Shane MacCarthy has another sailing life entirely as a top helm in the attractive Solo single-hander – he has placed third overall in the well-supported season-long Solo series in England this year, and meanwhile Sean Craig – having been champion helm in 1993 at Larne in GP14s – is in the mix this weekend as the Laser Radial representative, and he has brought in F/F ace Alan Greene as crew to give a formidable boost to his chances.
Also busy on the rockstar recruitment trail has been the IRC 4 and Irish Half-Ton Champion Darren Wright from Howth, who has professional form in this rockstar lineup business, as anyone who saw the nightly shows he laid on at the Howth Wave regatta event in 2018 will readily attest. For this weekend, he has hit the bullseye by hauling in Matt Alvarado – Bronze Medallist at the F/F Worlds last month – to operate the front end of the boat and help with calling the shots.
As defending champion Peter Kennedy emerged from the SB 20s last year, this growing class – with the effervescent John Malone from Lough Ree YC as new top honcho – should never be underestimated, particularly as their representative Michael O’Connor of Royal St George can include the SB20 World Corinthian Champion in his CV.
All these and most of the other contenders come from the familiar world of mono-hulls, but the Irish Multihull Association is making its pitch in the interesting person of Wyatt Orsmond, who is another life is Mr Eva Orsmond, consort of the TV personality. But despite living in Greystones, he does his main multi-hull racing to championship title level with Swords Sailing Club on the Broadmeadow Water in Fingal, and his crew this weekend in Dun Laoghaire will be Patrick Billington from Wicklow, which seems to suggest that multiple locations are an integral part of multihull racing.
So in all it’s a lineup well reflective of modern Irish sailing life, and half a dozen helms and maybe more are certainly in there with a shout.
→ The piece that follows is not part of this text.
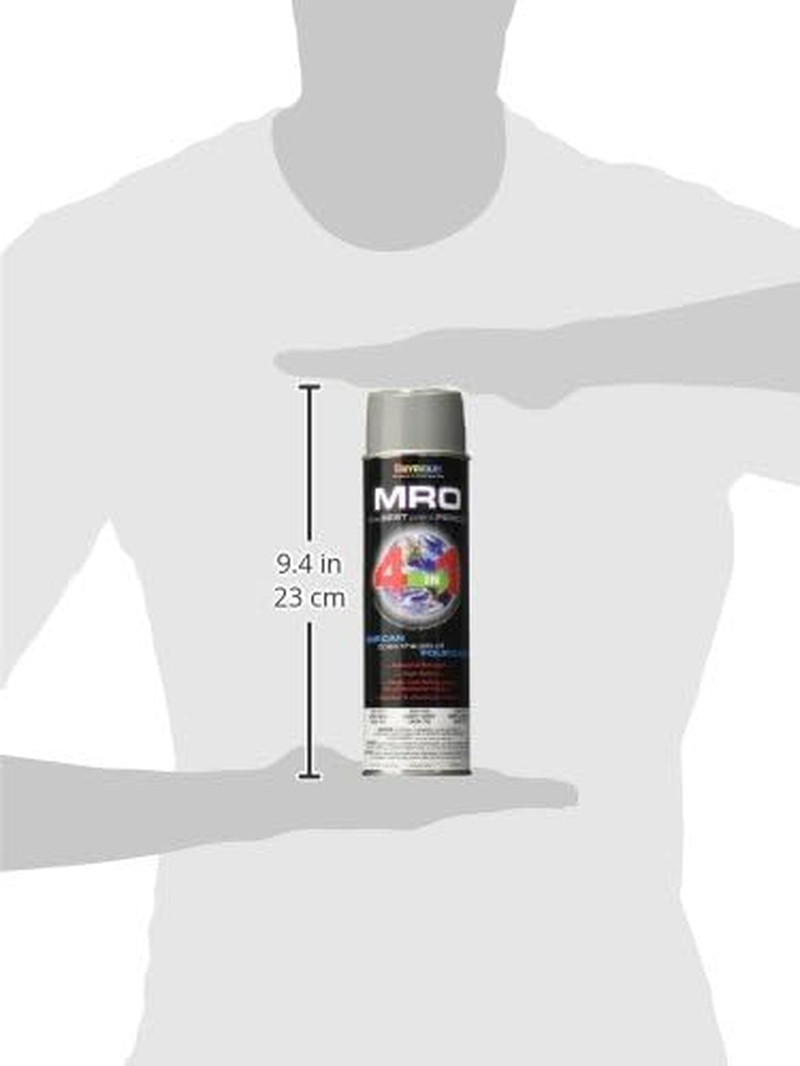 620-1418 Industrial MRO High Solids Spray Paint, Light Machinery Gray 16 Ounc…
As to the expected weather, what can we say in the aftermath of Storm Lorenzo?
When he was a Fisheries Inspector for the unofficial Provisional Government set up by Sinn Fein in Dublin’s Mansion House in 1919, global circumnavigator O’Brien patrolled the west coast of Connacht in his ketch Kelpie, and he was wont to observe of the utterly barren north end of the Mullet Peninsula in northwest Mayo that it was so devoid of any distinguishing features that it scarcely constituted a coastline at all, and left any observers in a very bewildered frame of mind.
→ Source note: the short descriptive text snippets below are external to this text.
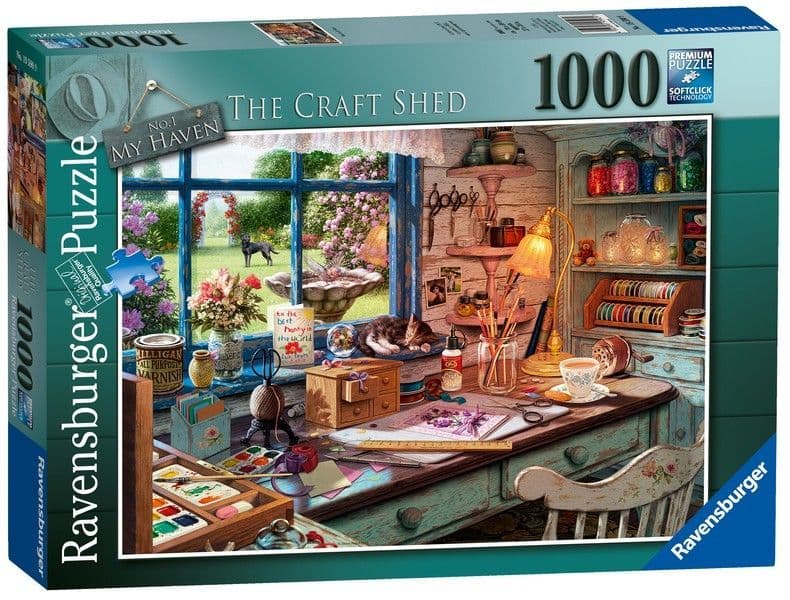 Ravensburger - My Haven No 1 - The Craft Shed -1000 Piece Jigsaw Puzzle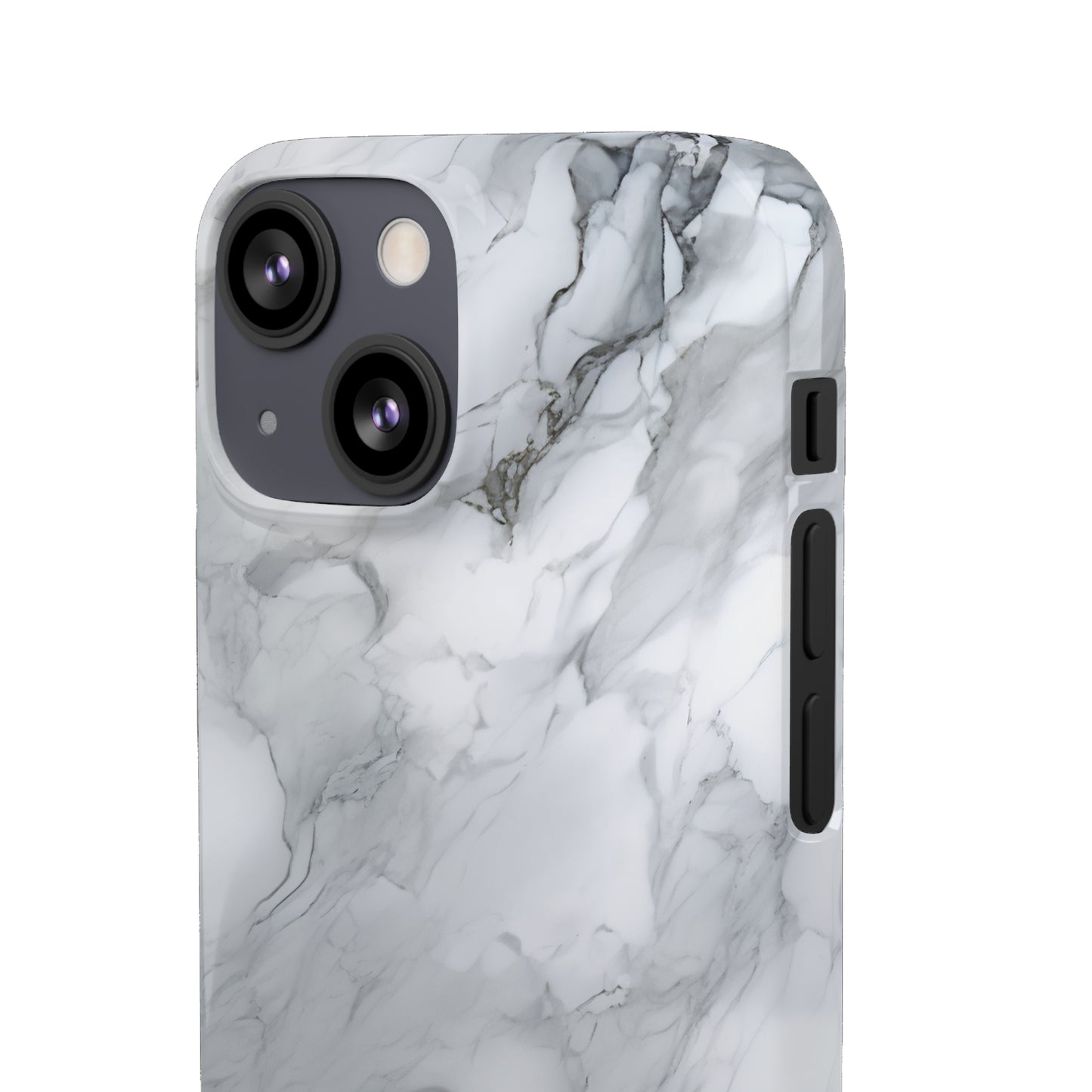 Platinum Silver Marble - iPhone Snap Case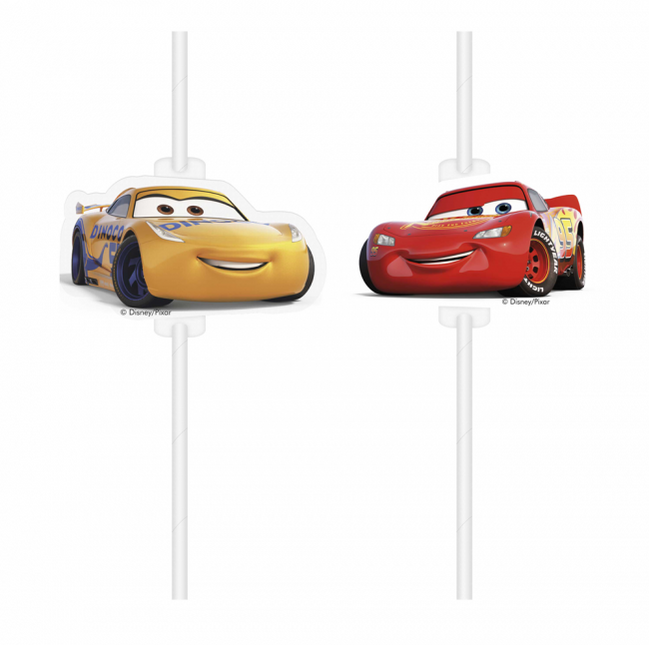 Cars 3 Cannucce di carta 4pz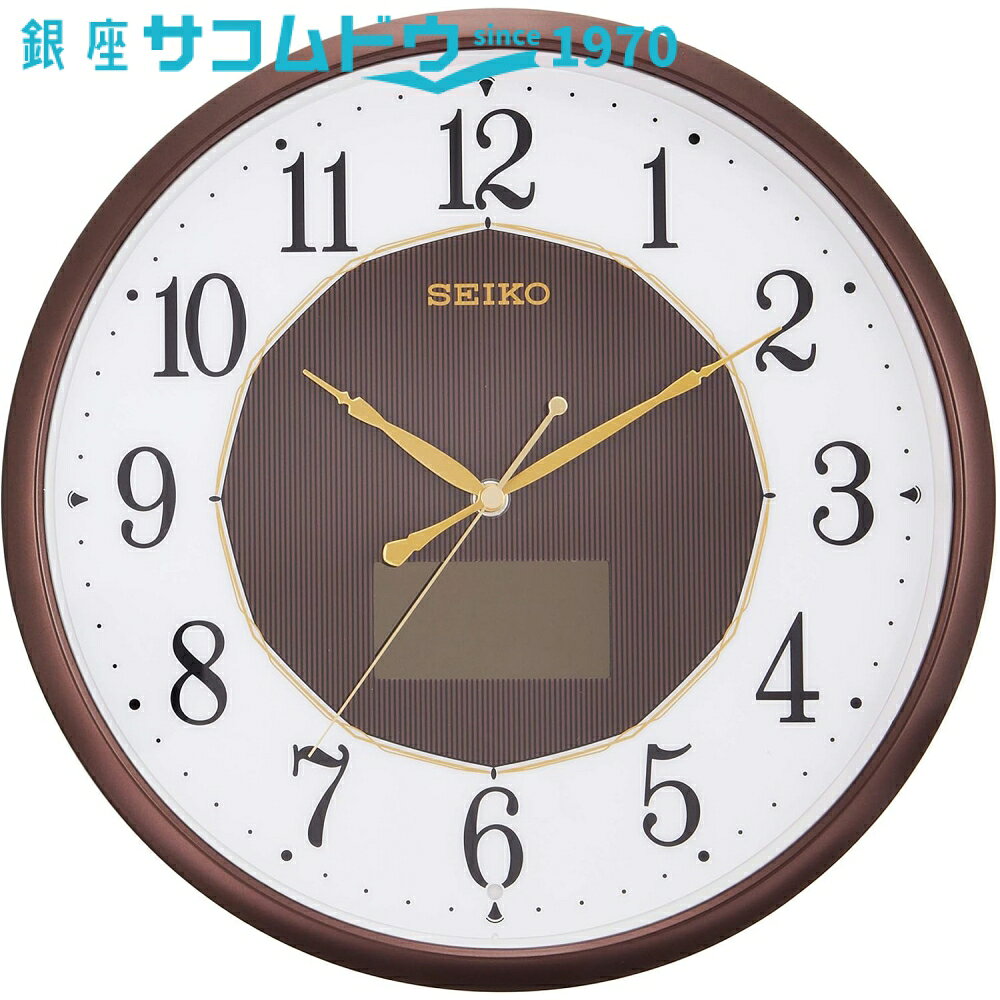 樂天商城 - 【5%OFFクーポン 5月07日(木)09:59迄】セイコー クロック SF241B 電波 掛け時計 ハイブリッドソーラー SEIKO CLOCK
So although Lorenzo was going fine until he got off that north end of Mullet, the very place seemed to cause him to collapse in on himself. Seldom can a post-tropical storm have evaporated so quickly. Maybe his strength was sucked away somehow by the nearby presence of the Corrib Gas Field.
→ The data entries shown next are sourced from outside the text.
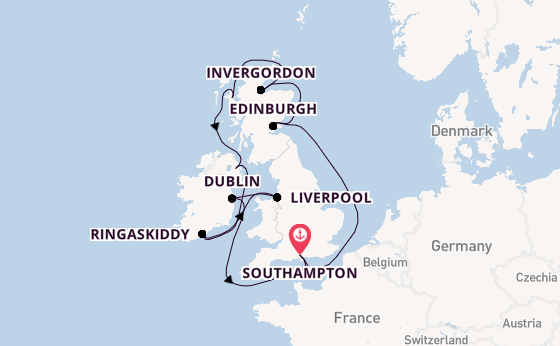 British Isles from Southampton, England with the Norwegian Star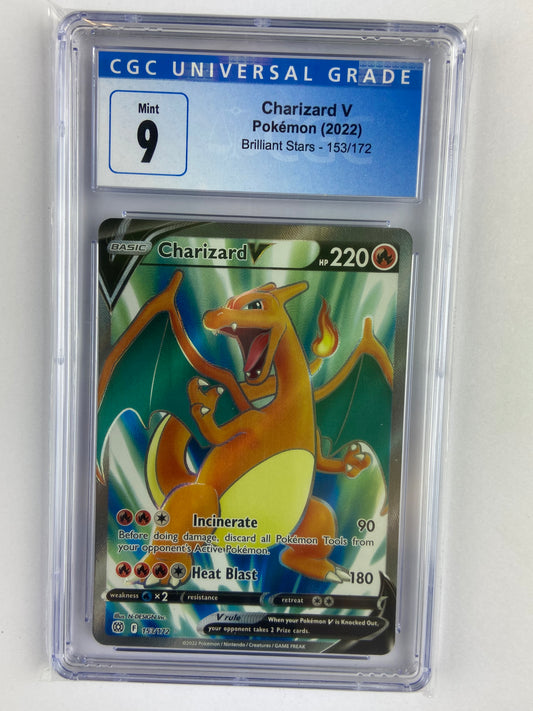 Charizard V Brilliant Stars Full Art 153/172 CGC 9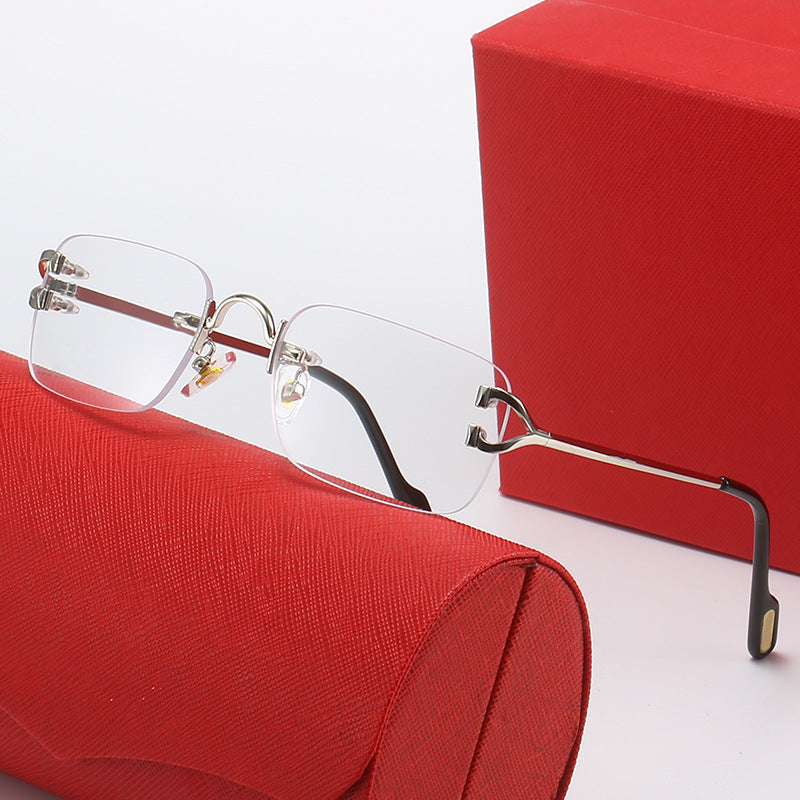 Dame designer solbriller med elegant metallramme og polariserte glass Luvikno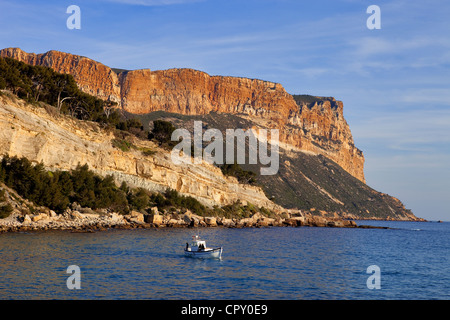 Francia, Bouches du Rhone, Cassis, il Cap Canaille Foto Stock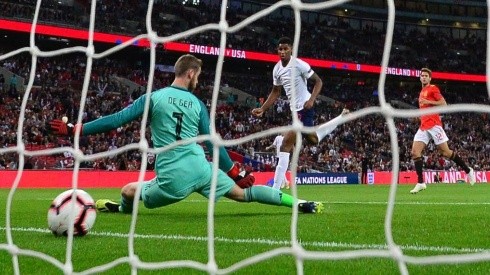Ataque perfecto: Kane abrió el campo, Shaw puso un pase perfecto y gol de Rashford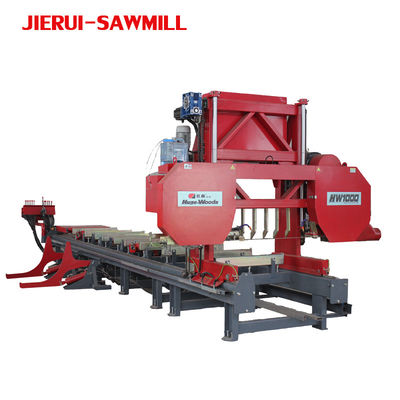 Moulin à tronçonneuse portable à bande de tronçonneuse Jierui pour le travail du bois et la coupe industrielle du bois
Whatever, weather prediction is a doubly-cautious business at the moment, but with any luck the 2019 Irish Sailing All-Ireland Helmsman’s Championship at Dun Laoghaire will enjoy a southerly breeze today (Saturday), albeit with a spot of rain, and a clearer nor’westerly wind tomorrow which may fade as the day goes on, but we’ve no doubt the Dun Laoghaire machine will function efficiently to put through what promises to be a fascinating programme.